1. Ralph says “Please allow me to introduce myself” to Justin’s surgeon
2. Ralph says “Pleased to meet you” to Father Phil
3. Father Phil asks Ralph, “Were you there when Jesus Christ had his moment of doubt and pain?”

According to Bernard, "Ralph has been a demonic character throughout the series, and Green & Burgess [the episode's writers] have a bit of fun evoking our sympathy for this devilish man".Journalist Steve Michaels wrote in a 2025 article that "through repeated references to the [song], the episode tells viewers that, whatever he may be going through at the time, Ralph was always a terrible person".

==Music==
- "When I Need You" by Leo Sayer is played when Ralph is in the bath.
- The Moonglows' original recording of "Sincerely" plays while Carmela and Rosalie dine at Vesuvio.
- The song played over the end credits is "The Man with the Harmonica" by Apollo 440. It is a cover of the Ennio Morricone score of Once Upon a Time in the West, a Sergio Leone film.

==True-crime influence==
Jason Bautista was convicted of killing his mentally ill mother in Riverside, California, on January 14, 2003, then dumping her decapitated body with its hands removed off Ortega Highway in Orange County.

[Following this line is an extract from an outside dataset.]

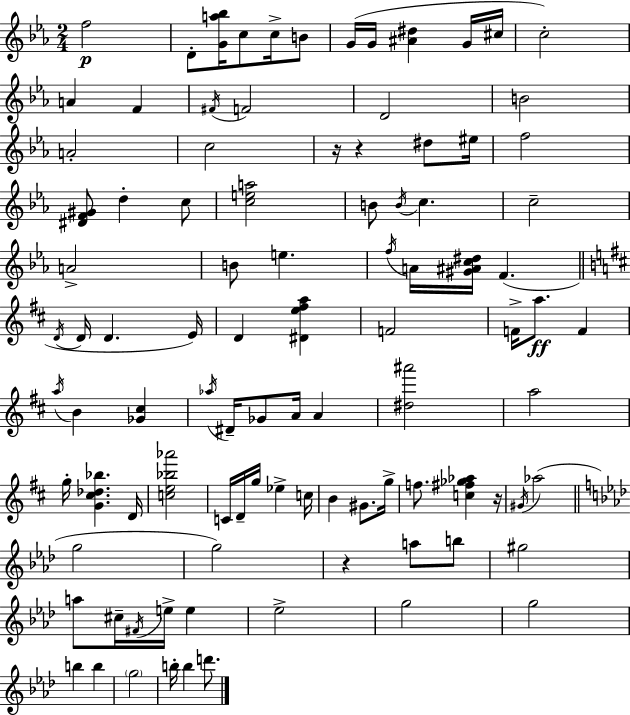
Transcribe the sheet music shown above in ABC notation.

Jason's half-brother Matthew Montejo, who was 15 years old when Jason killed their mother, testified in court that he helped dispose of her body and that they got the idea to chop off her head and hands to hide the crime from this episode.

==Awards==
"Whoever Did This" was Joe Pantoliano's 2003 winning submission for the Primetime Emmy Award for Outstanding Supporting Actor in a Drama Series, along with the episode "Christopher".